■ **The task**
Leave out the pictures and set down exactly the lines from the start of the listing through the one with "A beautiful red", both included.
***** Data records
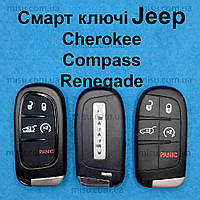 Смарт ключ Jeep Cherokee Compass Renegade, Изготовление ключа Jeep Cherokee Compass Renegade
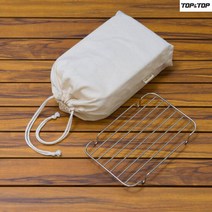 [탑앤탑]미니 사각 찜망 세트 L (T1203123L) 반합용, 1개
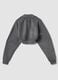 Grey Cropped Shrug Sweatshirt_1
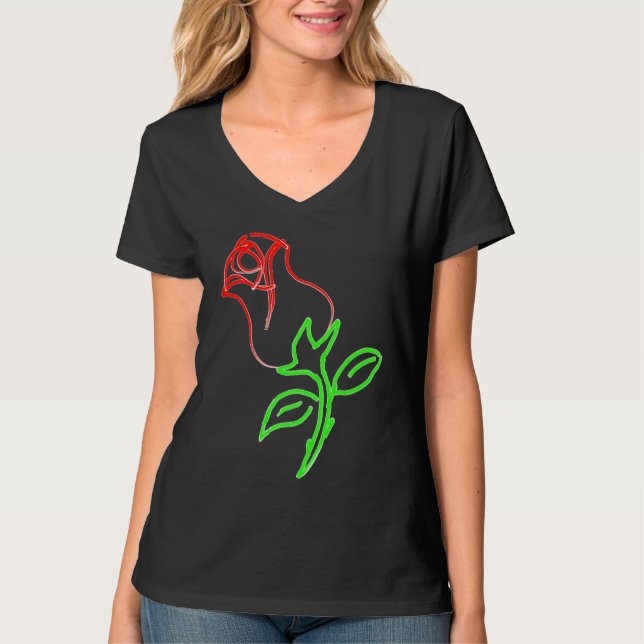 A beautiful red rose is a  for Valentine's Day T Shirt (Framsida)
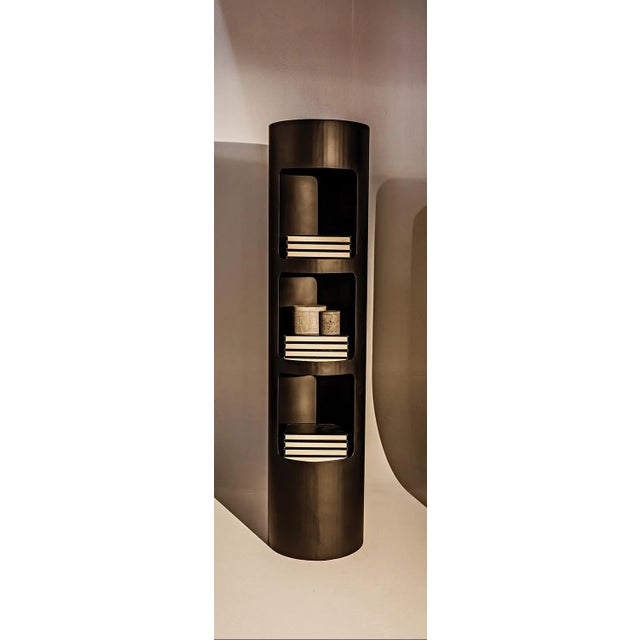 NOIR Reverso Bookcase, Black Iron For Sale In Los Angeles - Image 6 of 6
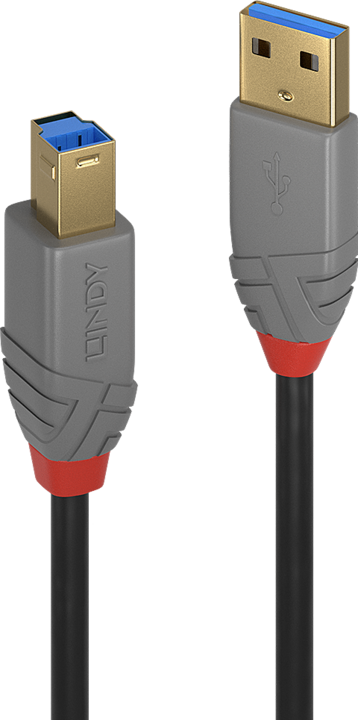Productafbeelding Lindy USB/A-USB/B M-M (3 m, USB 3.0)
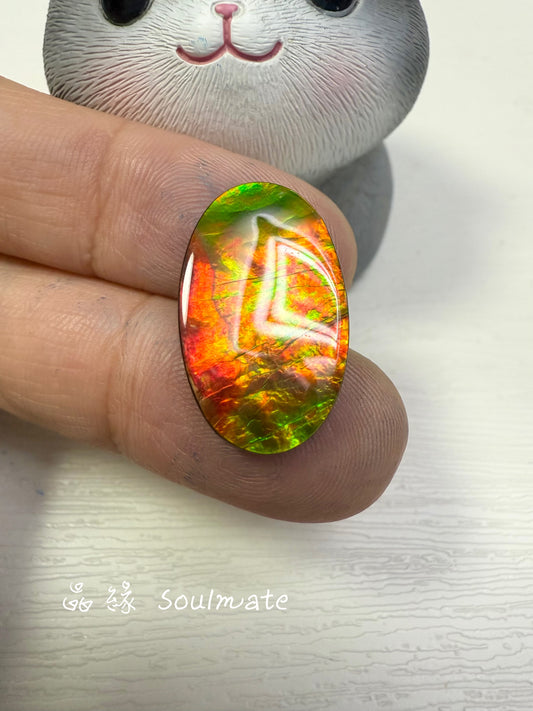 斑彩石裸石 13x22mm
**********
■ **Answer box**
 Смарт ключ Jeep Cherokee Compass Renegade, Изготовление ключа Jeep Cherokee Compass Renegade
 [탑앤탑]미니 사각 찜망 세트 L (T1203123L) 반합용, 1개
 Grey Cropped Shrug Sweatshirt_1
 A beautiful red rose is a  for Valentine's Day T Shirt (Framsida)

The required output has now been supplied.